My friends have stopped asking me what my summer plans are. They’ve stopped inviting me to beach trips and concerts and road trips. Not because they don’t like me anymore, but because they know that there is only place I want to spend my summers: America’s Finest Summer Camps.
They know that all year I count down the stays to pack my bags, buy new tennis shoes (that always get destroyed by the end of camp) and head off to my favorite place in the world. They know that I don’t sleep the night before camp, not because I’m nervous, but because I know there are hundreds of kids going to bed anxious and nervous and excited about going to camp, meeting friends, and meeting their new counselors!

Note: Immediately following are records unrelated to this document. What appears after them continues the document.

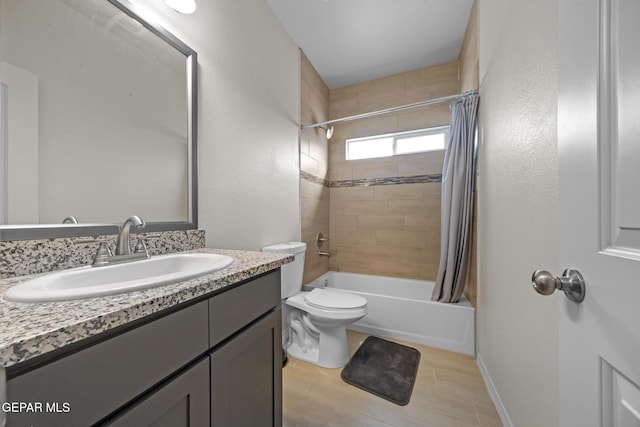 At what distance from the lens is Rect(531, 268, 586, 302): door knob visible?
45 cm

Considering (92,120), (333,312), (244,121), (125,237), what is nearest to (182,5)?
(244,121)

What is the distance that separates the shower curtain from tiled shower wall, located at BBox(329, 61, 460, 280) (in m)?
0.46

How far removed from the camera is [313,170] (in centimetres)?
253

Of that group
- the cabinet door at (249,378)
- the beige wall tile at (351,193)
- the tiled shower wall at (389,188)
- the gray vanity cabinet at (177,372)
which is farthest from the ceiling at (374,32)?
the cabinet door at (249,378)

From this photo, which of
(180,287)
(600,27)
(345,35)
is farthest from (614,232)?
(345,35)

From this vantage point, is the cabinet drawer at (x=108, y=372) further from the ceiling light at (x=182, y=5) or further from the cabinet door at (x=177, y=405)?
the ceiling light at (x=182, y=5)

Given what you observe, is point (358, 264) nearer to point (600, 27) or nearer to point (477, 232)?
point (477, 232)

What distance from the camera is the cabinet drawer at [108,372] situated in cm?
35

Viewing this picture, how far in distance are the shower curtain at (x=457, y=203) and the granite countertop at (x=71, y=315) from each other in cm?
191

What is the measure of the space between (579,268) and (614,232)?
102 mm

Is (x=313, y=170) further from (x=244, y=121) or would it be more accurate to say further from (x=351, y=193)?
(x=244, y=121)

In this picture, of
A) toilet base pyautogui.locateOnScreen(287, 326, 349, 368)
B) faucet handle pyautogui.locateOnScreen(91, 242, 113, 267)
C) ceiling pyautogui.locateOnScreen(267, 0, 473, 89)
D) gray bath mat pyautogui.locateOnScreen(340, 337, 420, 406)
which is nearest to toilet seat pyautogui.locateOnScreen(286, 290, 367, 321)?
toilet base pyautogui.locateOnScreen(287, 326, 349, 368)

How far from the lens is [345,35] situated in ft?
6.68

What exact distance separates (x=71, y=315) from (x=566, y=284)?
0.95 meters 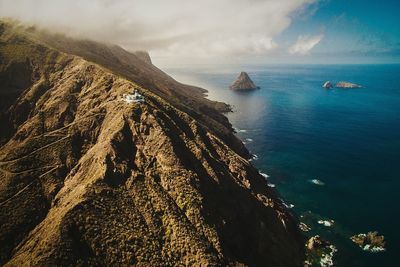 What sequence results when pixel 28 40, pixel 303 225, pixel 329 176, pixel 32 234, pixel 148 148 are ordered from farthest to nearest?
1. pixel 28 40
2. pixel 329 176
3. pixel 303 225
4. pixel 148 148
5. pixel 32 234

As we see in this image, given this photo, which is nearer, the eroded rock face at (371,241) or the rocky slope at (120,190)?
the rocky slope at (120,190)

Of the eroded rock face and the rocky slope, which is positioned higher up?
the rocky slope

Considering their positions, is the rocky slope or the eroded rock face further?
the eroded rock face

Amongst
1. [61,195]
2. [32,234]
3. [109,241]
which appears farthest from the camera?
[61,195]

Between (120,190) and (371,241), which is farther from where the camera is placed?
(371,241)

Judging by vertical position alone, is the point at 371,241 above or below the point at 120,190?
below

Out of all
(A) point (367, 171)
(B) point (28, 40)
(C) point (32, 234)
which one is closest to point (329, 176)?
(A) point (367, 171)

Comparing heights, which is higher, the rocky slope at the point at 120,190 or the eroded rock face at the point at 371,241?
the rocky slope at the point at 120,190

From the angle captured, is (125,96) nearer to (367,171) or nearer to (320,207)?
(320,207) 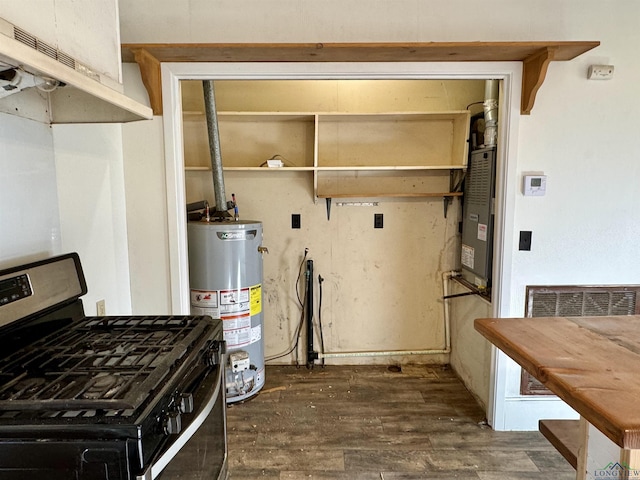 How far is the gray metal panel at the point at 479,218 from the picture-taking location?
230 centimetres

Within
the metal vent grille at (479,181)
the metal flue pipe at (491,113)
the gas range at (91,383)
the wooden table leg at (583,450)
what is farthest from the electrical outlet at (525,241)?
the gas range at (91,383)

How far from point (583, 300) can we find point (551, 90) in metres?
1.18

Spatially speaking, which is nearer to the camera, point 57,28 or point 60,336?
A: point 57,28

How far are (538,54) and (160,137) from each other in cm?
196

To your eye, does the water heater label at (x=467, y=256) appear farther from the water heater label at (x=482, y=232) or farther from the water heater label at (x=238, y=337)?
the water heater label at (x=238, y=337)

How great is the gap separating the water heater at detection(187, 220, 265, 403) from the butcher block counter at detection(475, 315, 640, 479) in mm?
1598

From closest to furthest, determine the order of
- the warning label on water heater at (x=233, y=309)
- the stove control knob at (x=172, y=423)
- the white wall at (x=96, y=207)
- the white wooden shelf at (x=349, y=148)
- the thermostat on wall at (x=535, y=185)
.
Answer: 1. the stove control knob at (x=172, y=423)
2. the white wall at (x=96, y=207)
3. the thermostat on wall at (x=535, y=185)
4. the warning label on water heater at (x=233, y=309)
5. the white wooden shelf at (x=349, y=148)

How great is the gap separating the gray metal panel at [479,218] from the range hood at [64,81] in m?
1.92

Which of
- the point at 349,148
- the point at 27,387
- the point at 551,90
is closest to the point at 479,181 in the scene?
the point at 551,90

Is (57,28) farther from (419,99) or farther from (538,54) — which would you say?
(419,99)

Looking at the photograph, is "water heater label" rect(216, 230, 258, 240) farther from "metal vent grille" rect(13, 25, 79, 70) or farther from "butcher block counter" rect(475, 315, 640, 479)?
"butcher block counter" rect(475, 315, 640, 479)

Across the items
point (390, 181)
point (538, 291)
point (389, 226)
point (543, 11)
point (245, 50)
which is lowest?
point (538, 291)

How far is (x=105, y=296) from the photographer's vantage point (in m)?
1.87

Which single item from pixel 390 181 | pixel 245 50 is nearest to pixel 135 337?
pixel 245 50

I go back to work at camp every year because it makes me a better person. I feel like investing in the lives of kids and watching them grow, learn and blossom into who they are meant to be beats anything else I could be doing with my summer. I go back every year because I made a goal to be the person my younger self needed. I needed someone to trust, to talk to, to listen to me, to encourage me, to answer my questions and to make me feel important. And so I go back every year to be that to the campers. At the end of a summer I am full of emotion, knowing I enhanced the lives of kids. I didn’t get that sense of satisfaction and purpose after a summer of road trips and concerts and beach trips.
I get beach days as a counselor when I spend time kayaking and swimming and fishing on the lake with my campers. I get concerts when I watch kids sing and dance their hearts out on stage. I get to experience adventures as we mountain bike, climb the wall on the ropes course and race down the zip line. But when I do it, I’m not doing it for me, I’m doing it for the dozens of campers who depend, trust and rely on me. And there is not better reason than that.
I go back to camp every year because it is a blast. It is a summer full of fun and excitement, where we learn something new every day. I go back to camp because I’ve built relationships with campers and want to reconnect with them, and be part of the lifelong memories they are making.
My friends see how happy and refreshed I am when I come back from a summer as a counselor, and compare it to how exhausted, sunburnt and broke they feel, and are beginning to ask questions about what it means to be a counselor. They want in on this adventure, this experience that I’ve fallen in love with.
I go back to camp because I become a better person every time I go, and so do the campers. And it fills my heart to be a part of that.